Her voice was sliding up into the
higher registers now. She stood up. At some point she had made the mistake of
taking off her shoes, and in a room full of men this small woman seemed
especially small. Even the Vice President had several inches on her. But when
she put her shoulders back and raised her head it was as if she was willing
herself to grow, as if from years of appearing far away on a stage she had
learned how to project not just her voice but her entire person, and the rage
that was in her lifted her up until she seemed to tower over them. “You
understand this,” she said to the Generals. “Any bullet that goes into that man
goes through me first.” She was feeling very bad about the accompanist. She had
demanded that the flight attendant find her another seat but the flight was
full. She had been quite cruel to him on the plane in an attempt to make him be
quiet.

She pointed a finger at Gen, who reluctantly
told them what she had said.

The men who circled them like a gallery
approved of this. Such love! He had died for her, she would die for him!

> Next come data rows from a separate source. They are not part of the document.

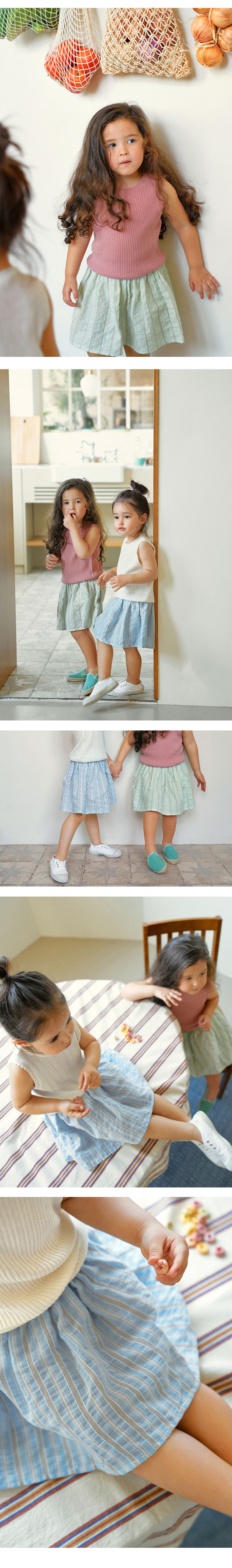 Amber - Korean Children Fashion - #prettylittlegirls - Loa Skirt - 4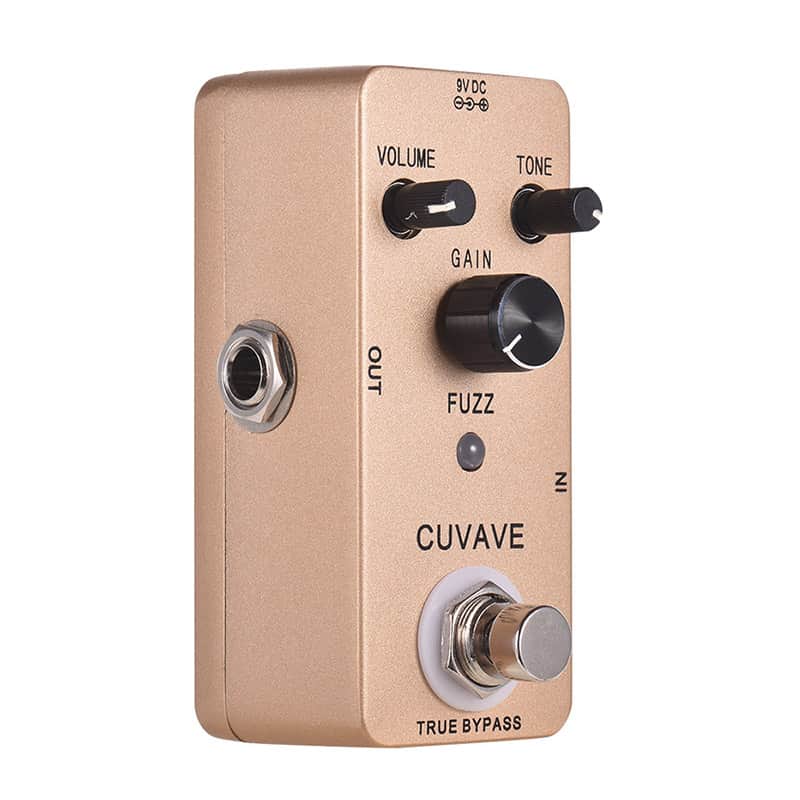 Guitar Effect Pedal Vintage Fuzz Pedal True Bypass Guitar Parts image 1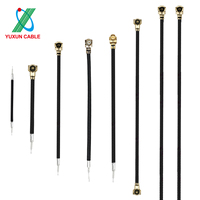 Câble coaxial RF1.13 avec queue à souder, gaine FEP, pour antenne de module GPS Wifi 4G 5G UAV 50 Ohms, Génération 1, Génération 3, Génération 4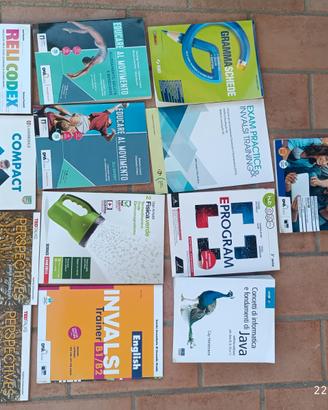 libri scuola di testo studenti  informatica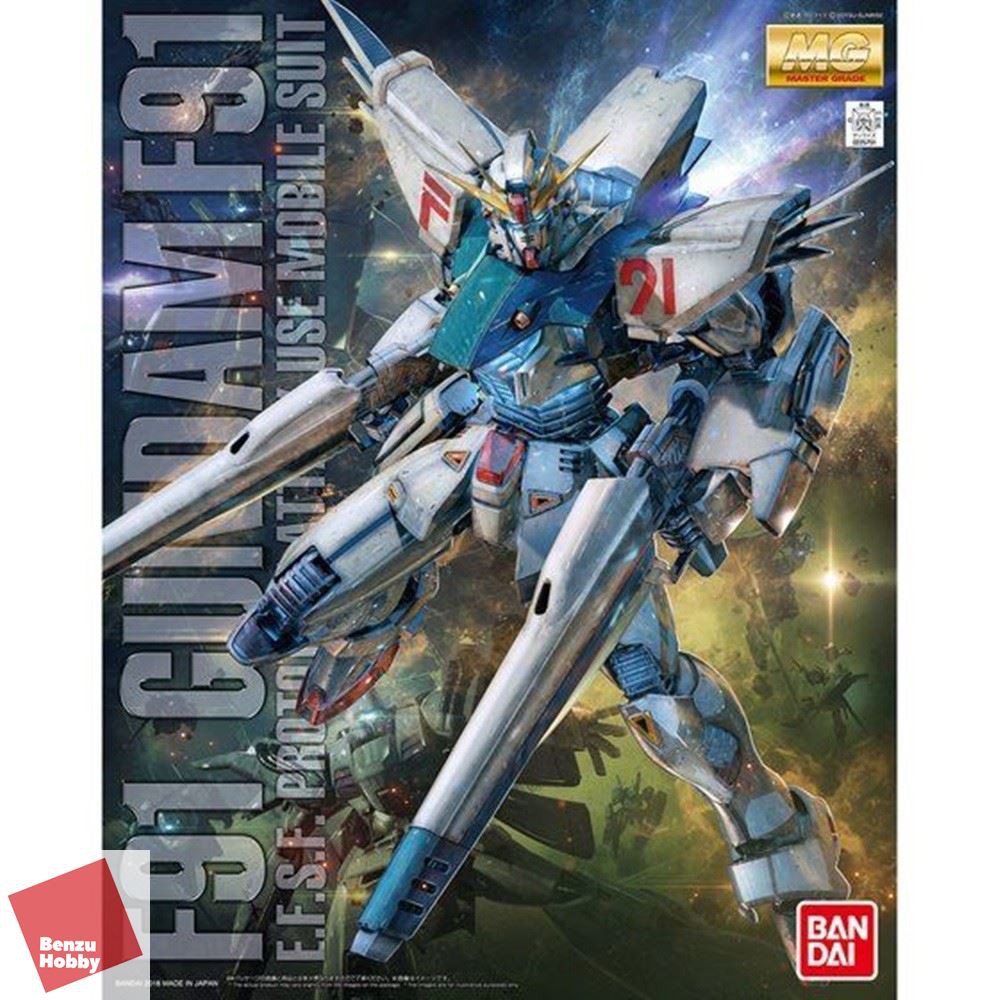 *พร้อมส่ง มีส่งด่วน* 4573102616128 MG 1/100 GUNDAM F91 Ver.2.0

“You’ve kept one woman, one American, and the
one person that anyone in the world has ever heard of before, and if you kill
me, and make no mistake, you will have to—are you getting all this?” she said
to the translator. “The very wrath of God will come down on you and your
people.”

Even though Gen translated, a clear and simple
word-for-word translation, every person in the room understood what she was
saying without him, in the same way they would have understood her singing
Puccini in Italian.

“Take him out of here. Drag him to the front
steps if you have to, but you let the people out there send him home in one
piece.” A light perspiration had come up on Roxane Coss’s forehead, making her
glow like Joan of Arc before the fire. When she was completely finished she
took a breath, fully reinflating her massive lungs, and then sat down again. Her
back was to the Generals and she bent forward to lean her head against the
chest of her accompanist. Resting on this still chest, she drew herself back
into composure. She was surprised to find his body comforting and she wondered
if it was just that she could like him now that he was dead. Once she felt she
was herself again she kissed him to reinforce her point. His lips were slack
and cool above the hard resistance of his teeth.

From somewhere in the middle of the crowd, Mr.
Hosokawa stepped forward, reached into his pocket, and extended to her his
handkerchief, clean and pressed. It was odd, he thought, to have been so
reduced, to have so little to offer, and yet she took it as if his handkerchief
were the thing she had most been hoping for and pressed it beneath her eyes.